Blank: Anyway, Michael, I thought you’d be pleased to hear the news. There’s no ambiguity about where you stand now.
Vick: Ambiguity? You calling me a fag?
Blank: No, I’m saying YOU ARE THE MAN NOW.
Vick: Yeah man, but white boy knew the motherfuckin’ playbook, man. He’s the one who watched film and went to meetings for me. He had good notes, man. Who the fuck am I gonna crib shit from now? What did you trade him for?
Blank: Two second rounders.
Vick: Two second rounders?! Motherfucker, you crazy? I just smoked a bowl laced with Liquid Plumr, and even I wouldn’t trade the bitch for that little. Why don’t you just trade him for a Slush Puppy while you’re at it?
Blank: I thought you’d be happy.
Vick: I just… I just don’t need this kinda pressure in my life right now, man. Everybody’s looking AT ME, man. Why can’t we all just slow the fuck down for a second and consider things like, tall wavy grass and shit?
Blank: Maybe this isn’t the best time to talk.
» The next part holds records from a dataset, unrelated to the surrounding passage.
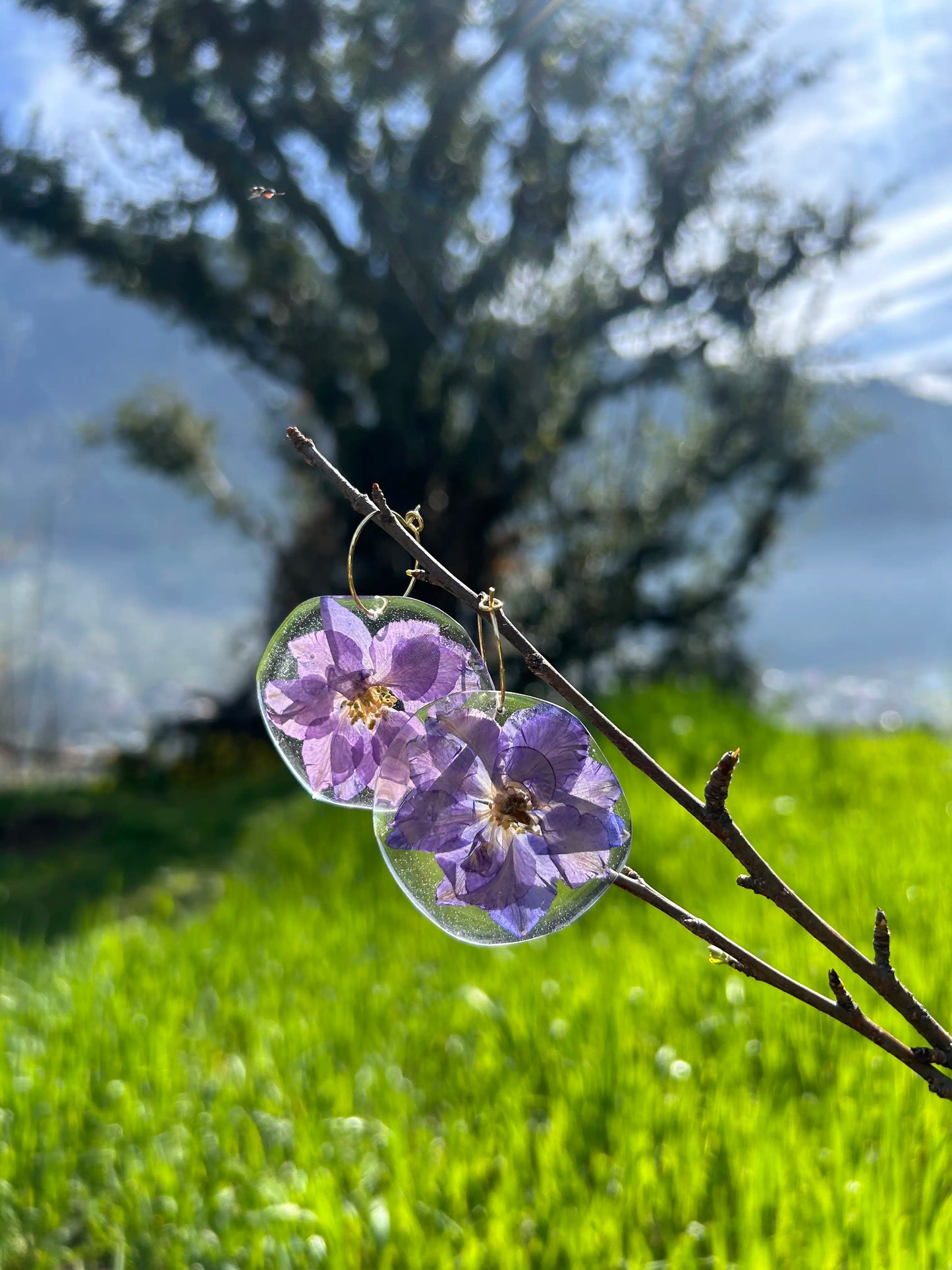 Larkspur Hoop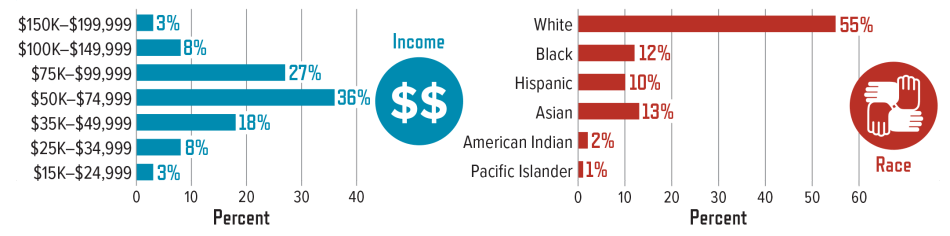 Demographics of Festival Attendees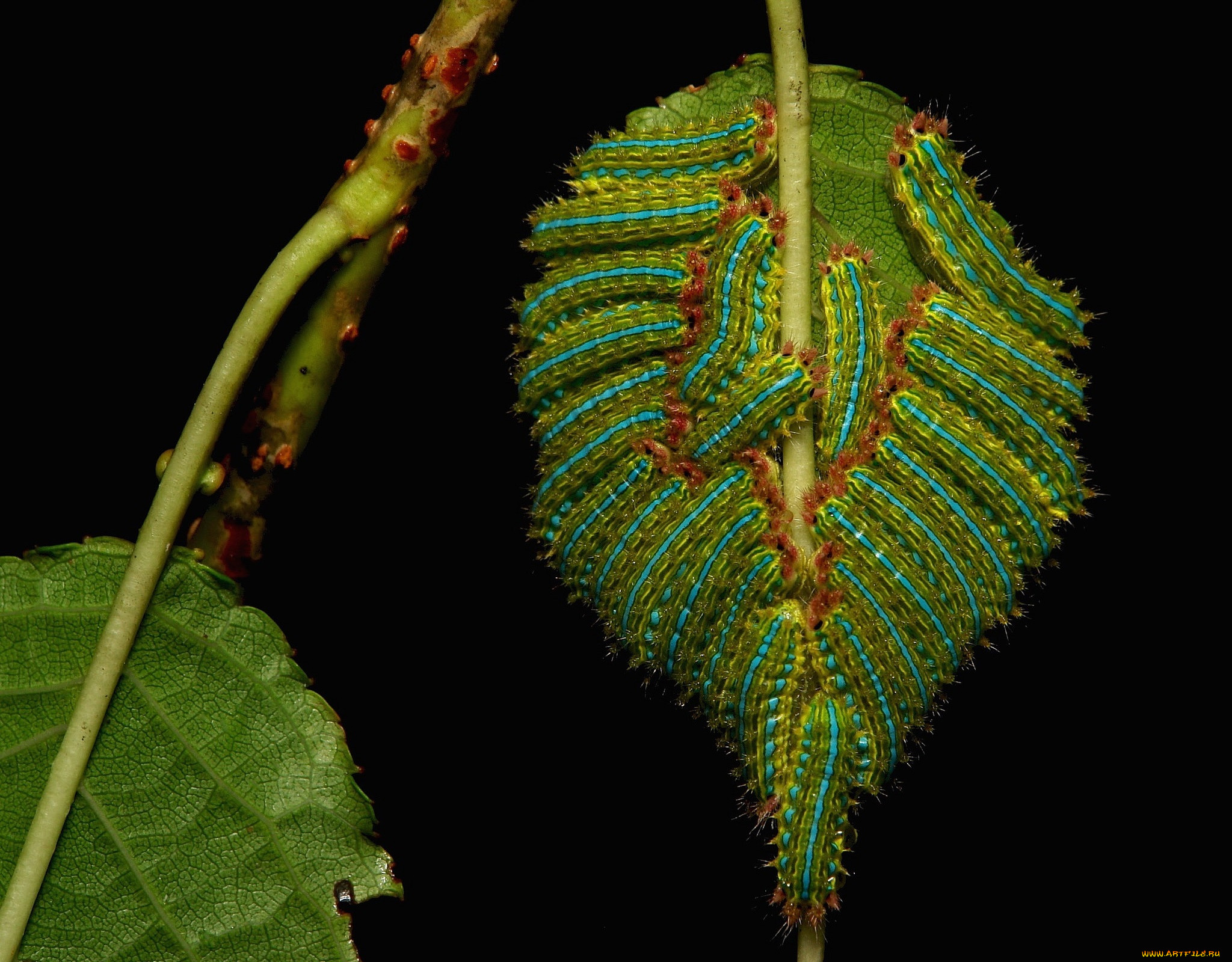 , , itchydogimages, , 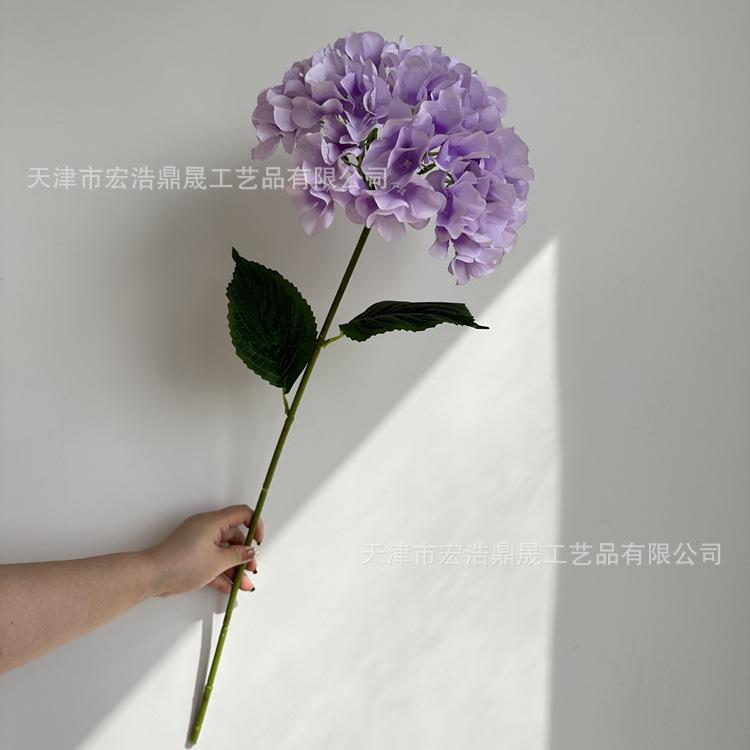 微信图片_202303081754392_副本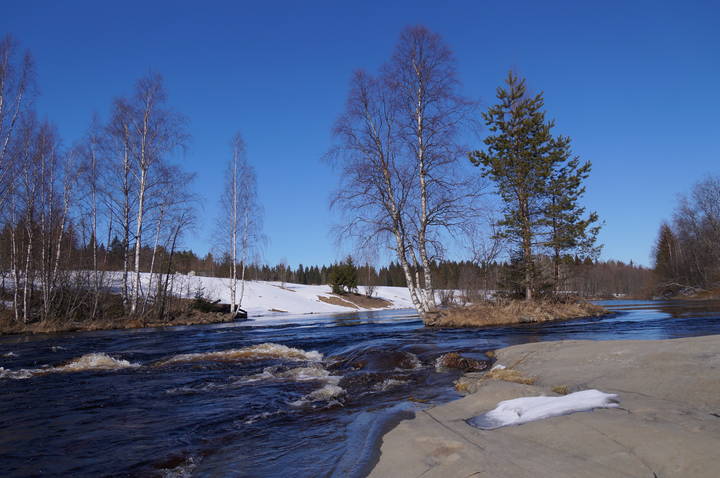 РЕКА ЯНИС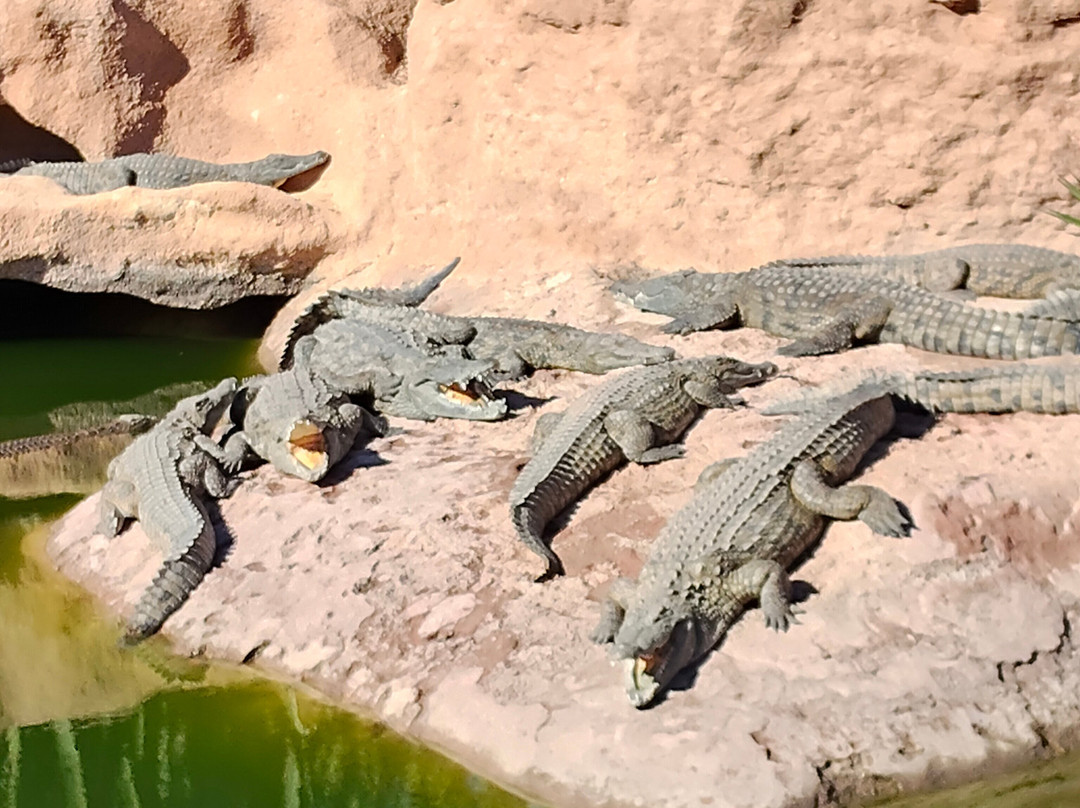 Crocoparc-阿加迪尔必去景点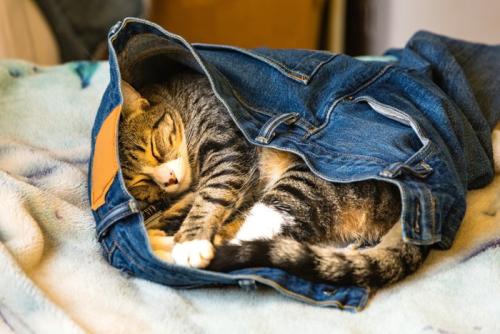 ジーンズの中に入って眠る子猫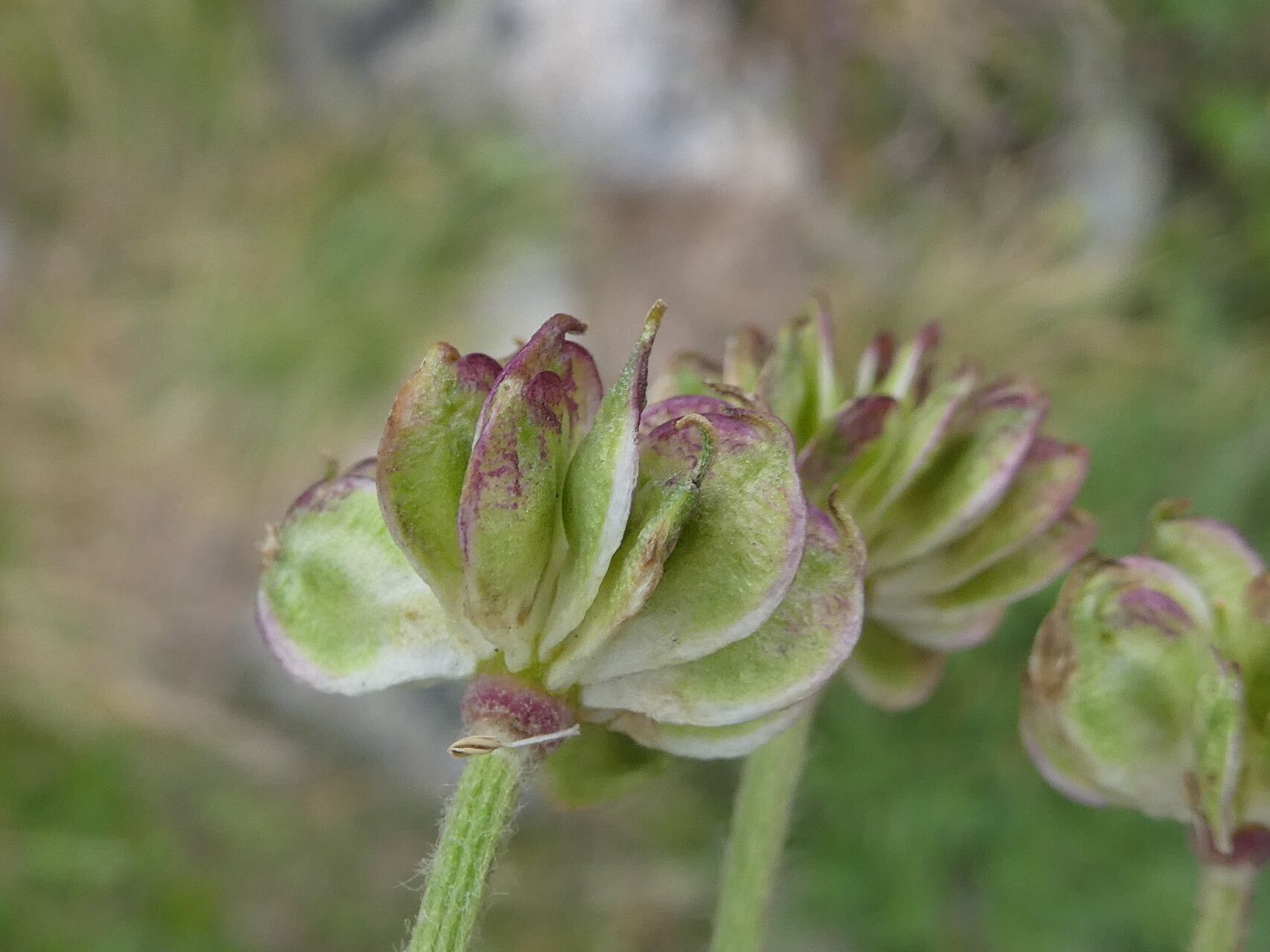 Anemonastrum narcissiflorum fruit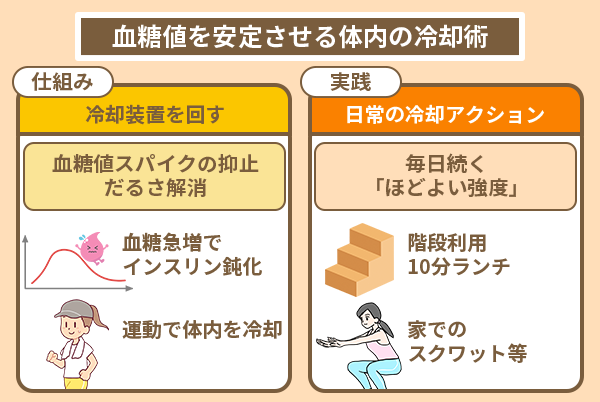 血糖値を安定させる体内の冷却術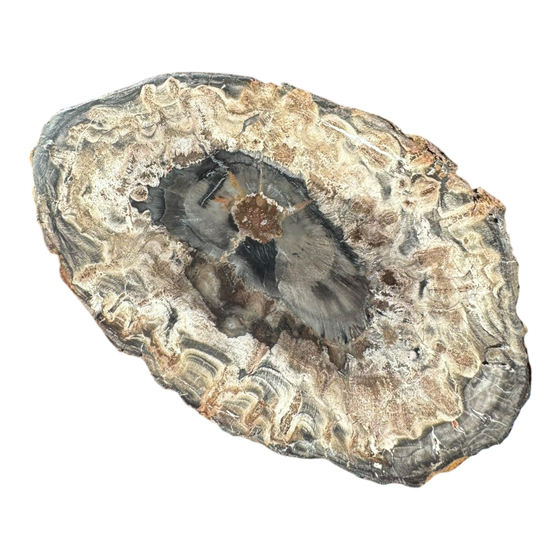 Petrified Wood Slab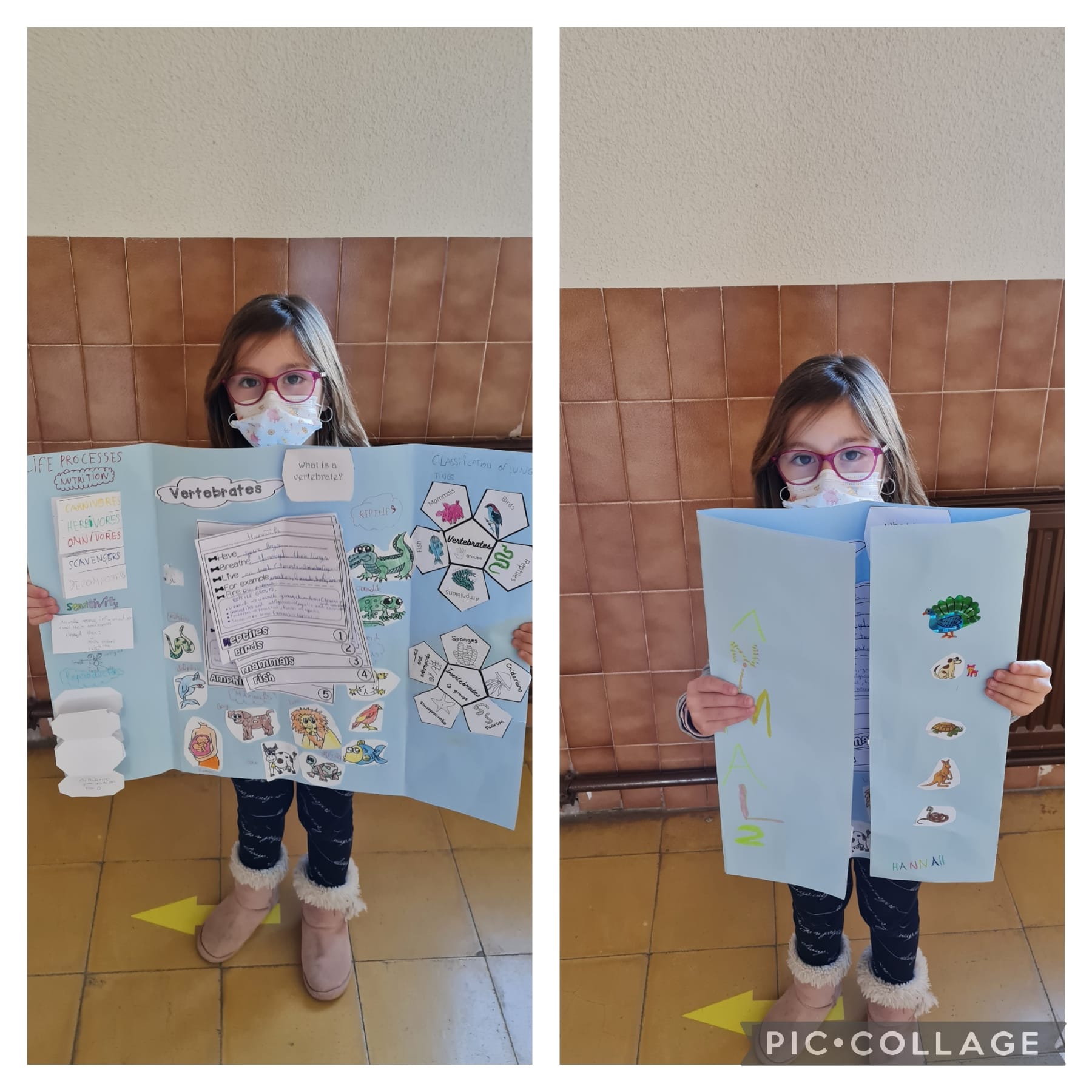 Lapbooks 3º - 4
Vick: And how come they don’t serve burgers at the Home Depot? I’m moving lumber and shit. I get fucking hungry, man!
Blank: I think I’ll call back later.
Vick: It burns when you snort vodka. Wait… are you still on the line?
Vick: Is this Marcus?
Blank: No Michael, it’s Arthur Blank.
Vick: Marcus, I think I just hallucinated. Schauby was in Texas and my chicken sandwich stood up on its hind legs.
(Mr. Blank hangs up.)
Vick: Hello? Fuck, Marcus, are you impersonating a dial tone again? Ha ha ha! Holy fuck, I am stoned. I’m not sure I can move. I feel like drinking an entire bottle of Caesar salad dressing. What’s that buzzing sound?!
Photo, as always, courtesy of the Onion. Oh, and nice job not trading for Matt Schaub, Minnesota Vikings. You fucking impotent assholes.